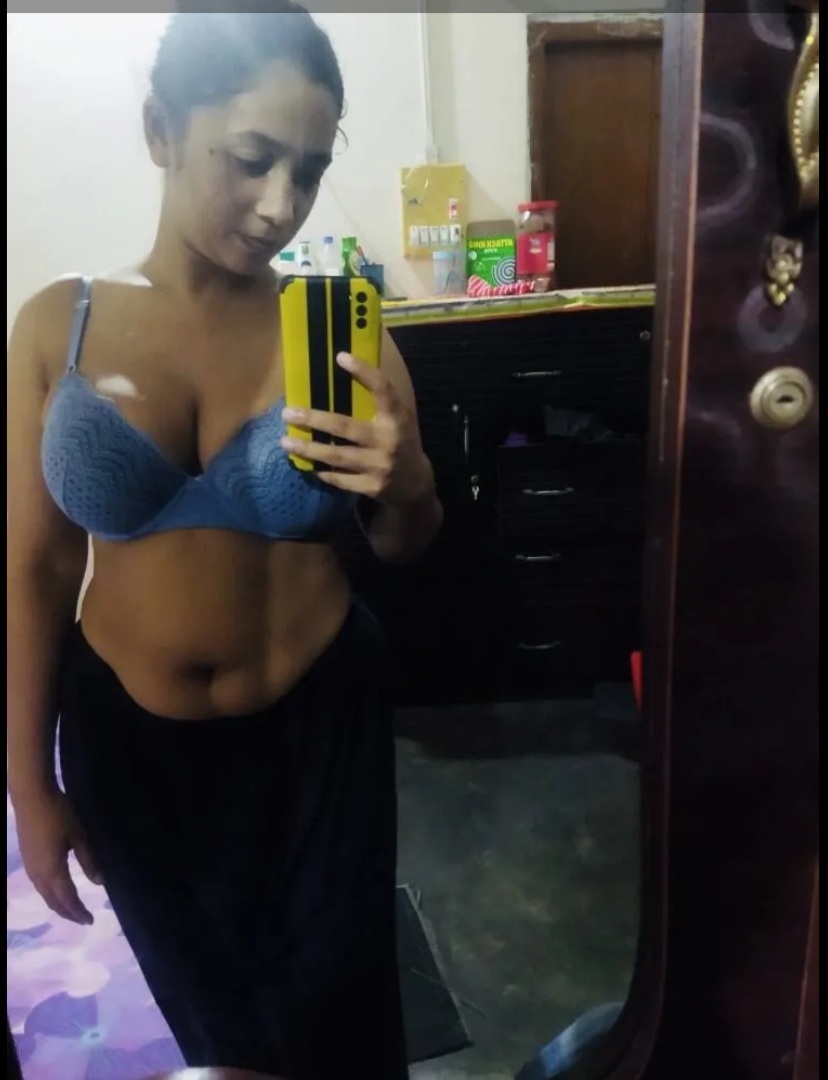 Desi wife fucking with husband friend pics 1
::::
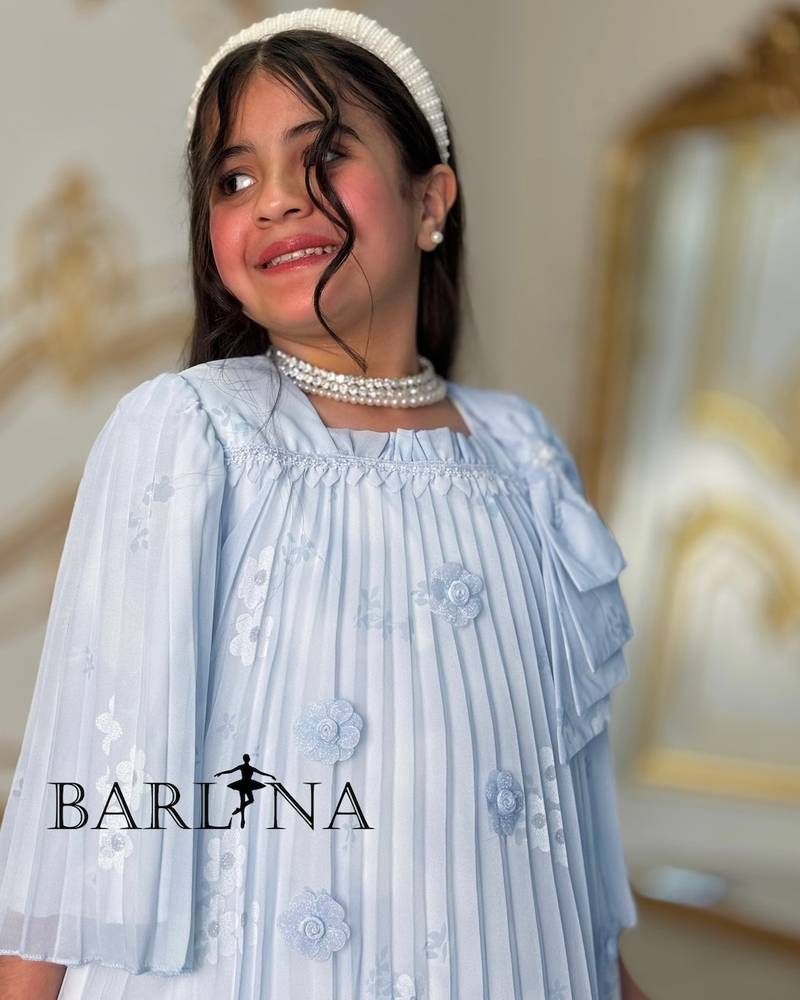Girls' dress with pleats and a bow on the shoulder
::::
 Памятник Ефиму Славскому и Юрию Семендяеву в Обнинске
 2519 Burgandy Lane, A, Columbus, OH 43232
::::
=== Goal of the exercise ===
Starting at the line above that holds "Памятник Ефиму Славскому" and ending at the line that holds "2519 Burgandy Lane, A, Columbus, OH 43232", transcribe each line exactly and include no other lines.

=== Written solution ===
 Памятник Ефиму Славскому и Юрию Семендяеву в Обнинске
 2519 Burgandy Lane, A, Columbus, OH 43232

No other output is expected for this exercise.